Short web captions:
▼

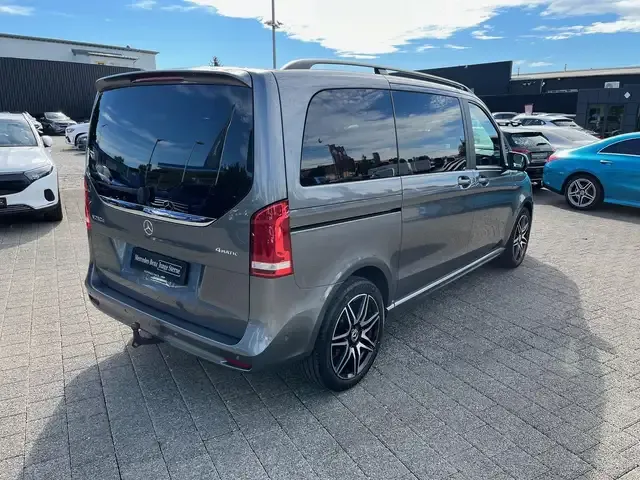 Mercedes-Benz V 250
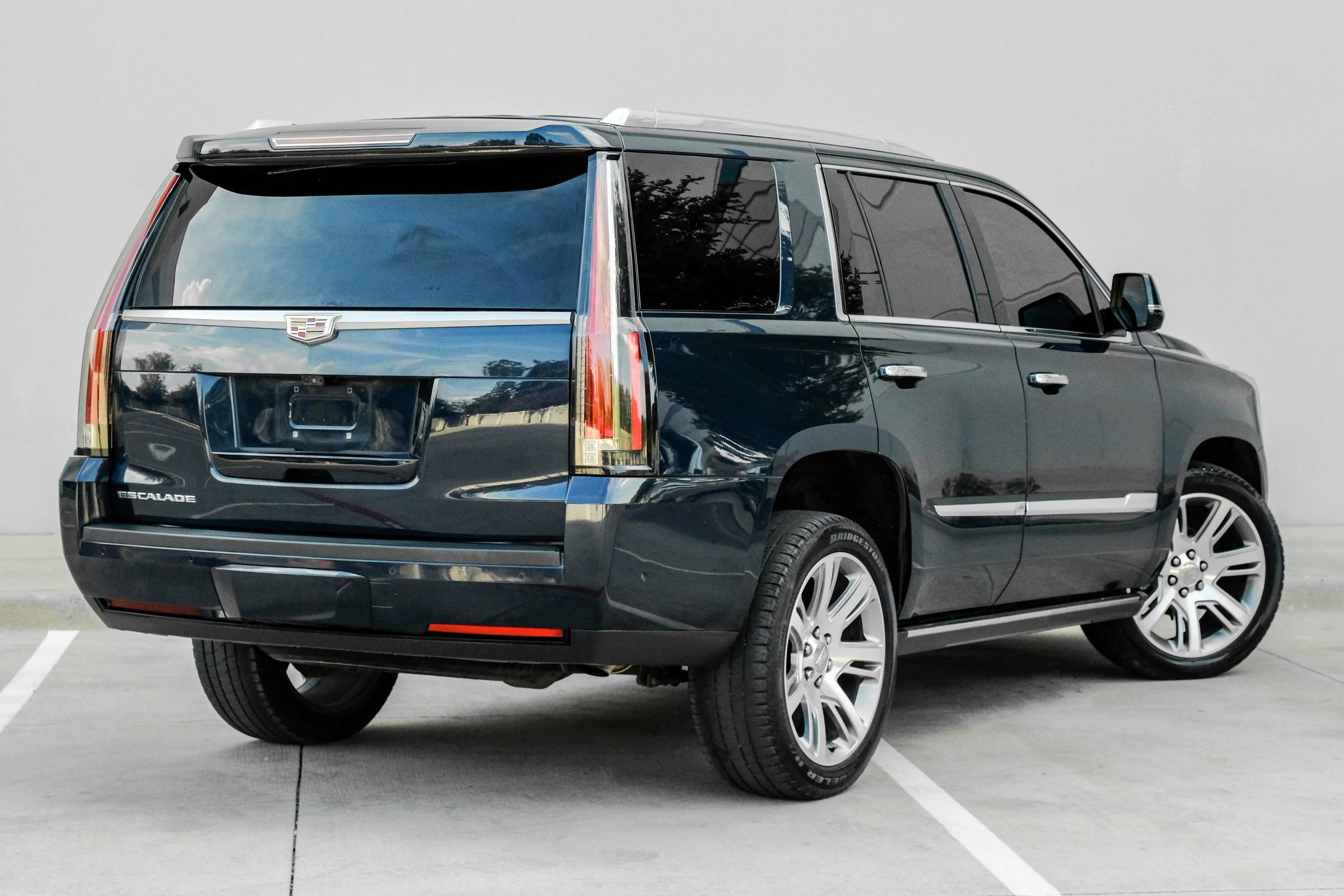 Used 2017 Cadillac Escalade Premium Luxury AWD/4WD image 12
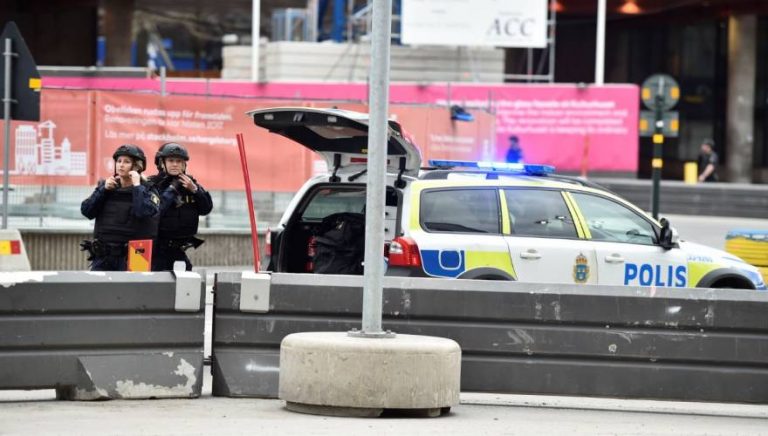 Αυτοκίνητο έπεσε πάνω σε πλήθος στο Ισραήλ!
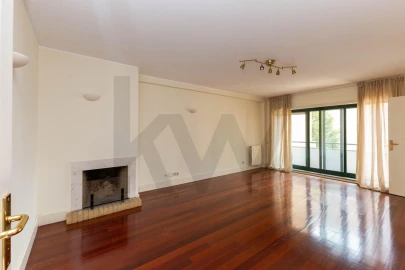 Apartamento T1 para Arrendamento em Ramalde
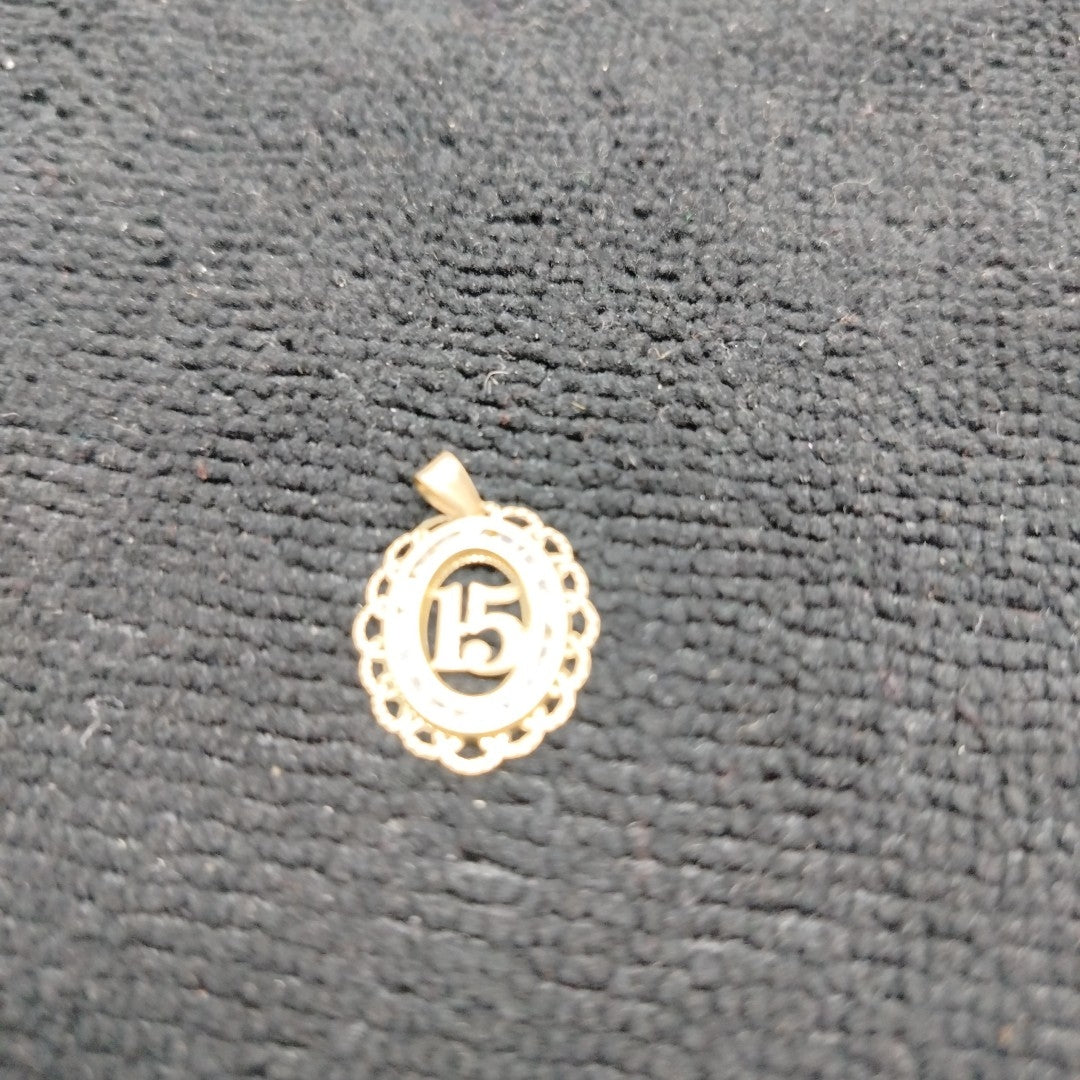 DIJE ORO 10 K 0.8 GRMS (SEMINUEVO)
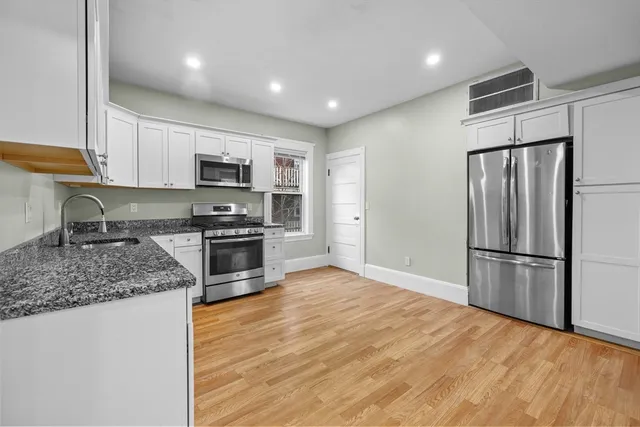 $3,300 | 25 Howes Street, Unit 2, Boston, MA 02125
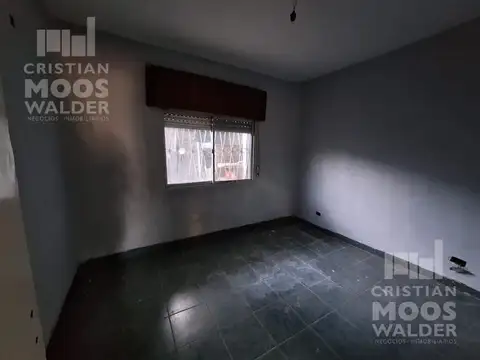 Casa en venta de 4 ambientes en Garín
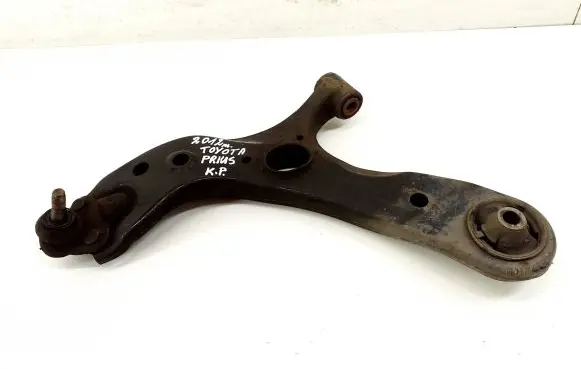 Toyota Prius (XW30) Front lower control arm/wishbone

▲

**PROBLEM DETAILS:** Please repeat the entries exactly. Do not include the pictures.

**YOUR SOLUTION:**
 Mercedes-Benz V 250
 Used 2017 Cadillac Escalade Premium Luxury AWD/4WD image 12
 Αυτοκίνητο έπεσε πάνω σε πλήθος στο Ισραήλ!
 Apartamento T1 para Arrendamento em Ramalde
 DIJE ORO 10 K 0.8 GRMS (SEMINUEVO)
 $3,300 | 25 Howes Street, Unit 2, Boston, MA 02125
 Casa en venta de 4 ambientes en Garín
 Toyota Prius (XW30) Front lower control arm/wishbone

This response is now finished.